When a person is giving evidence, they are allowed to make a statement of fact only. They are not allowed to offer opinions about what decision should be made. The parties must make their closing submissions based on the evidence presented.
Affidavits are documents that contain information said to be true by the person who swears or affirms the affidavit. Affidavits are used to present evidence in written form.
An affidavit may be sworn (by taking an oath on a religious book) or affirmed (by making a statement that the contents are true, with no reference to religion).
The information below relates to the basic requirements of affidavits. The rules for making affidavits are found in rules 9.58 to 9.79 of the District Court Rules(external link)

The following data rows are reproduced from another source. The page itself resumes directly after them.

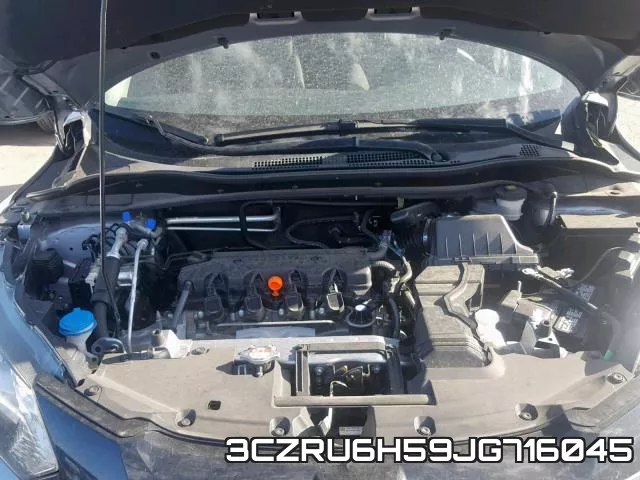 3CZRU6H59JG716045
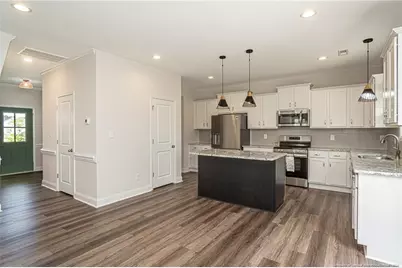 703 Amusement Drive, Hope Mills, NC 28348 - Photo 10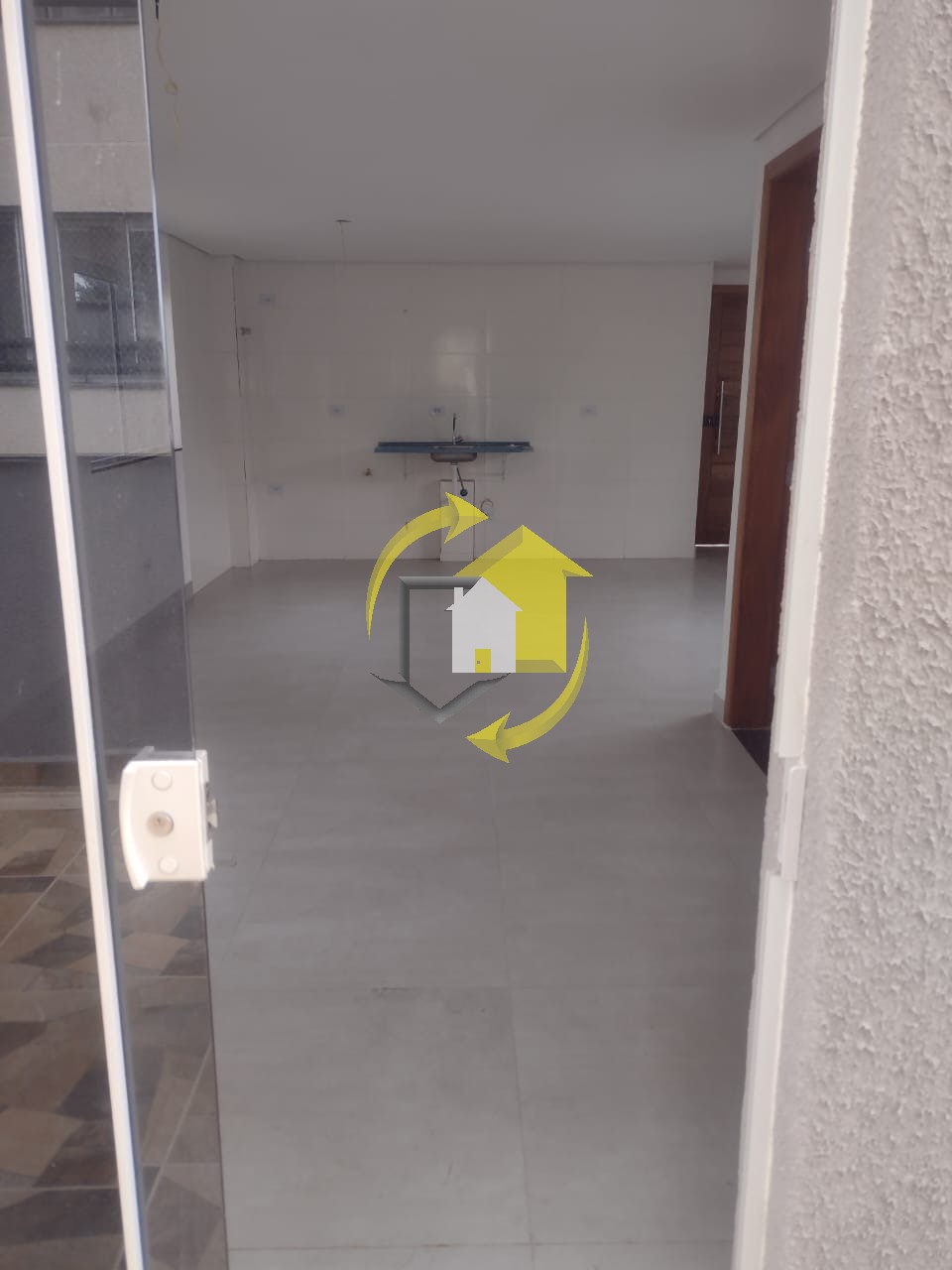 Apartamento à venda e aluguel com 2 quartos, 34m² - Foto 20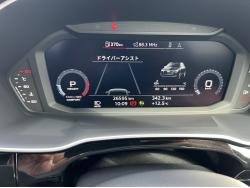 Ｑ３ ３５ＴＦＳＩアドバンスドの中古車画像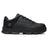Timberland Pro Powertrain Sport Alloy-Toe Work Shoe Black Profile Image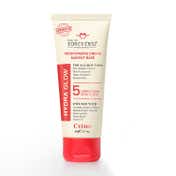 Daily Life Forever52 Hydra Glow Cream (60 g)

Generally the following procedure will be adopted when filing and serving affidavits:
An affidavit should contain all the written evidence that you want to present. It should be written in the first person (for example, ‘I saw…’, ‘he said to me…’), and must state the full name, job and home address of the person making it. It must cover only matters that would be allowed if you were giving evidence at a trial and, if it is an affidavit in reply, it must be strictly in reply. If the affidavit includes unnecessary material, the court may refuse to read it and may order you to pay the costs caused by that affidavit.
If an affidavit refers to documents, then those documents must be attached and referred to as an exhibit (for example, ‘bank statement of plaintiff, dated 01/01/01, marked as EXHIBIT A’). The exhibit itself must be marked with the letter or number assigned to it in the affidavit (for example, the bank statement should be marked with an ‘A’).
For a document to be presented as an affidavit it must be sworn or affirmed by you in front of a person lawfully authorised to take oaths and declarations.
That person will then mark the exhibit with an exhibit note.
Before the document is sworn or affirmed you should check that you have included all the information you want to present as evidence, and that the information you have provided is ‘true and correct to the best of your knowledge and belief’. A document can be considered to be true and correct to the best of the author’s knowledge and belief if they have taken reasonable care to make sure that all the information contained in it is true, and there are no mistakes in the document.
Mistakes in affidavits are not easily fixed and you will usually need to file another affidavit that corrects the initial affidavit. If, after swearing an affidavit, you realise that it contains a mistake you should contact the court registrar. The court registrar will tell you if you need to file a second affidavit or if you can amend the initial affidavit by hand (in front of the person who took the affidavit – see below).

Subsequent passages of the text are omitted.